*EXERCISE PROMPT*. Would you please return the lines of the entries below starting at the line that has "Havana Modern - 20th-Century" and ending at the line that has "NERDEN DÜŞTÜM BEN", both included, exactly as they are?

*MATERIAL SHOWN*.
=== Begin Enclosure ===

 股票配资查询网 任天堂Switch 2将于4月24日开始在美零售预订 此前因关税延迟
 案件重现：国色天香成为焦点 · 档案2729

=== End Enclosure ===
=== Begin Enclosure ===

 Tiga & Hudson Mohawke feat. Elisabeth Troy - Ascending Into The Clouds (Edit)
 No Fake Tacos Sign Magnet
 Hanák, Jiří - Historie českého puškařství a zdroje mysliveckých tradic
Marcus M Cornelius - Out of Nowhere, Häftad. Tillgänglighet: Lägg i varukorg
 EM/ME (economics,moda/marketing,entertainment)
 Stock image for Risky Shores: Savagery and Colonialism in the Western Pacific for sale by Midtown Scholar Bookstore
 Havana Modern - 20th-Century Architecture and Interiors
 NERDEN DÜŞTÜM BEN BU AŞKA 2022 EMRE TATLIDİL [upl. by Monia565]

=== End Enclosure ===
=== Begin Enclosure ===

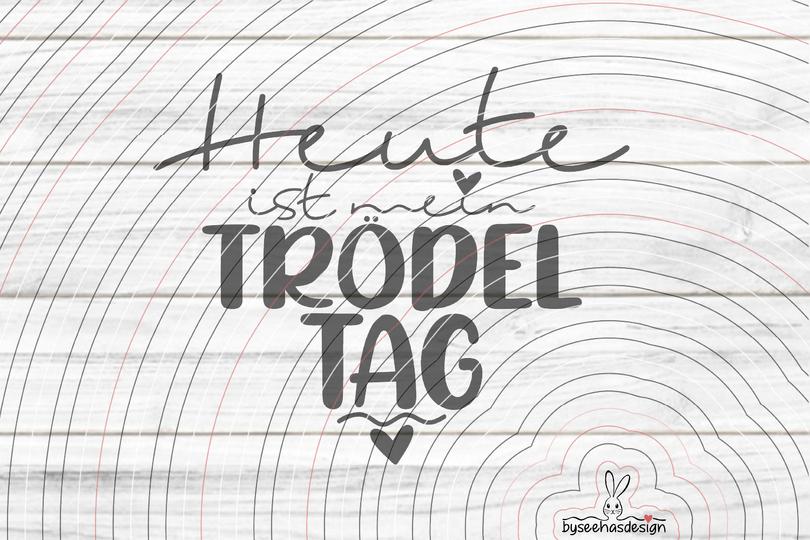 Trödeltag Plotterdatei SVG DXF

=== End Enclosure ===

*REPLY*.
 Havana Modern - 20th-Century Architecture and Interiors
 NERDEN DÜŞTÜM BEN BU AŞKA 2022 EMRE TATLIDİL [upl. by Monia565]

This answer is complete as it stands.